> _DATA SEGMENT_
• • •

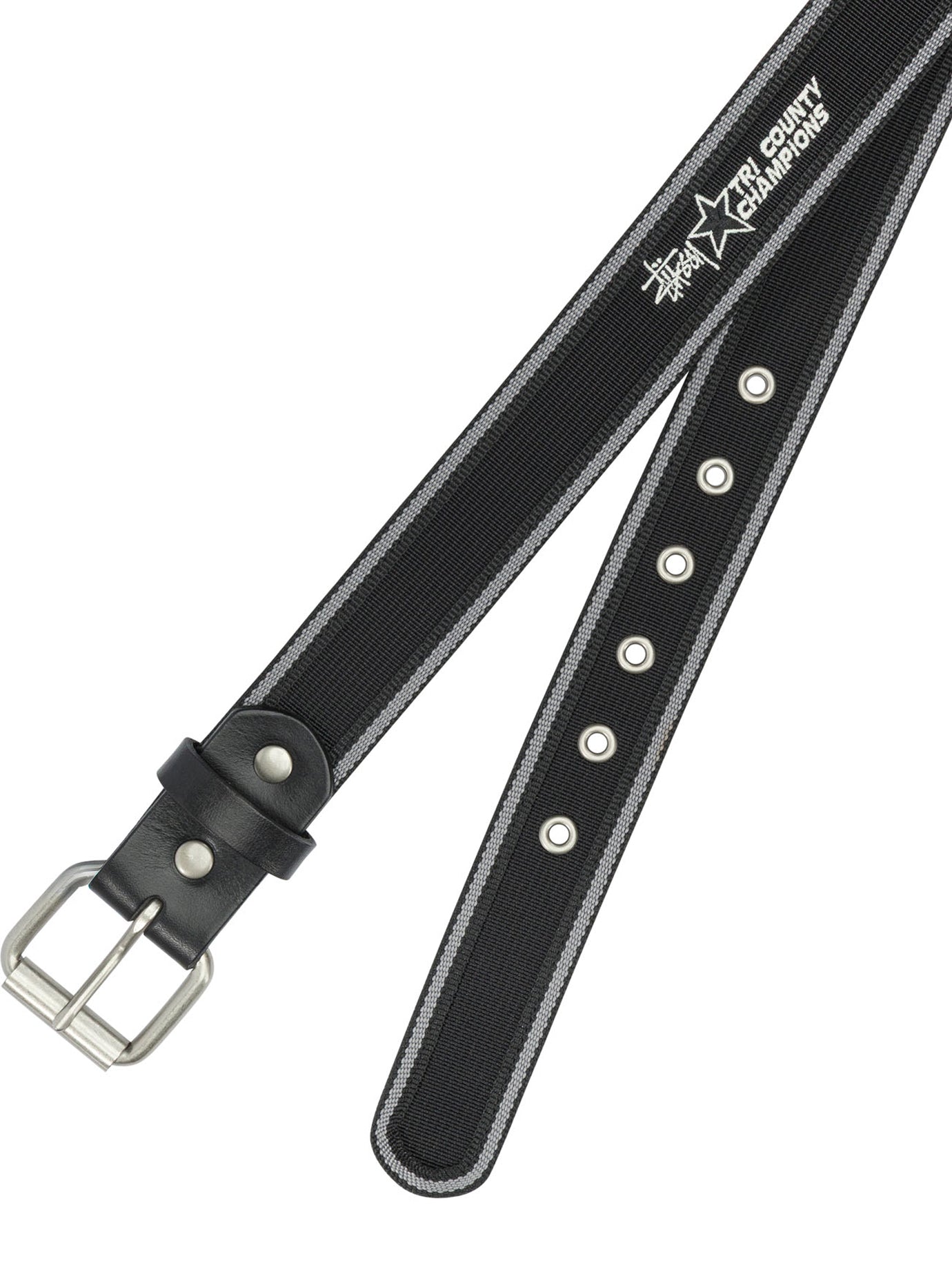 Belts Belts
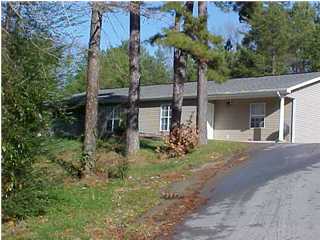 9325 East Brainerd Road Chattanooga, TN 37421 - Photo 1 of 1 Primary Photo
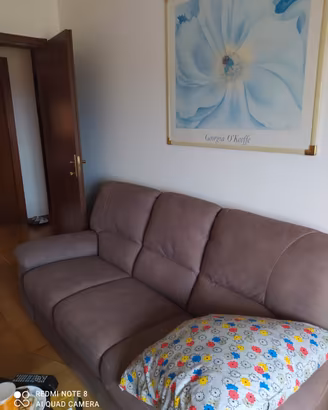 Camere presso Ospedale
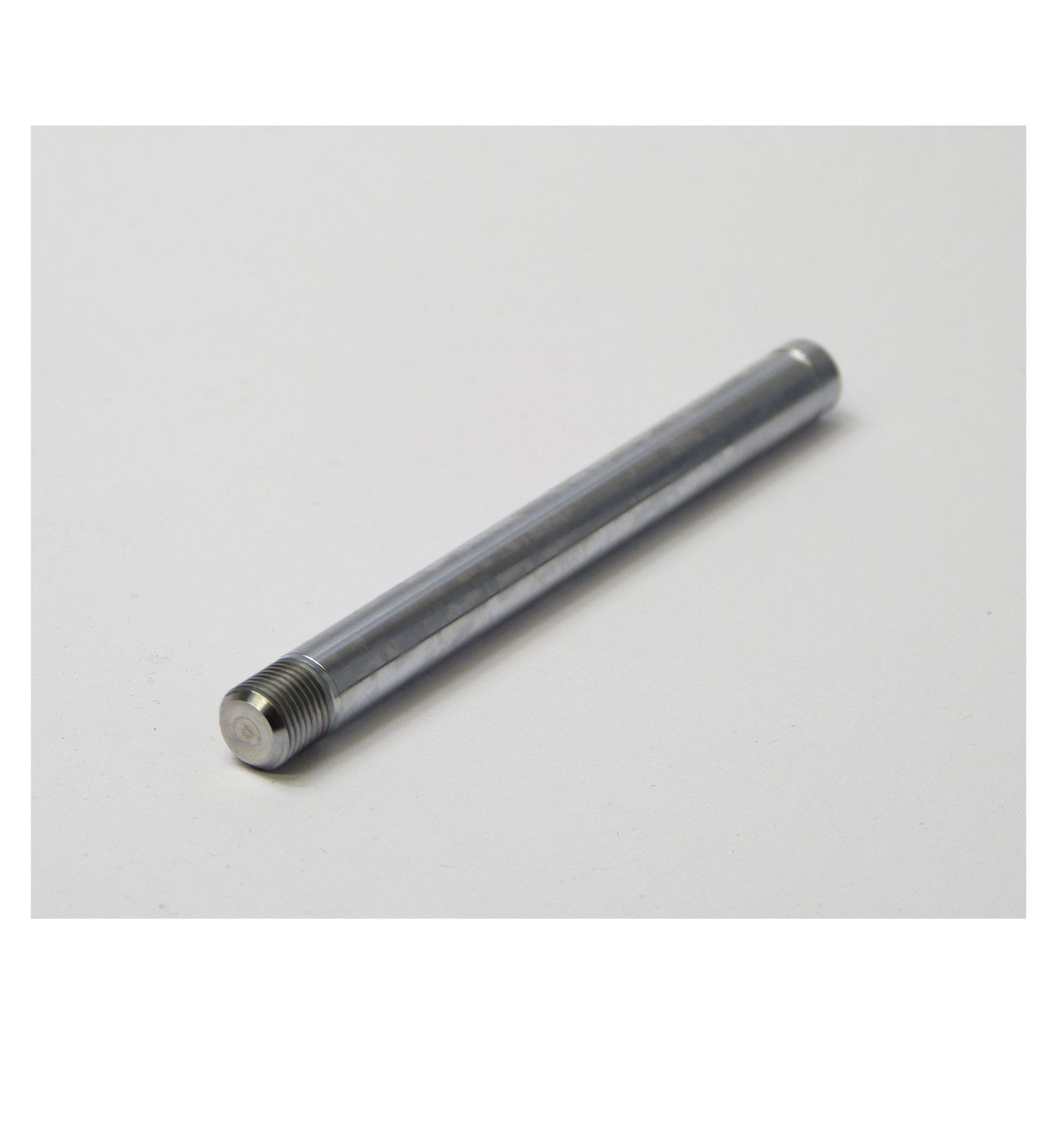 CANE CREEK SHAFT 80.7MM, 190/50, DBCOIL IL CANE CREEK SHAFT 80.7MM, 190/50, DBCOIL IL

• • •

Only the lines from the line with "9325 East Brainerd" to the bottom of the material above should be reproduced, exactly and without pictures.

> _SOLUTION FOR THIS PROBLEM_
 9325 East Brainerd Road Chattanooga, TN 37421 - Photo 1 of 1 Primary Photo
 Camere presso Ospedale
 CANE CREEK SHAFT 80.7MM, 190/50, DBCOIL IL CANE CREEK SHAFT 80.7MM, 190/50, DBCOIL IL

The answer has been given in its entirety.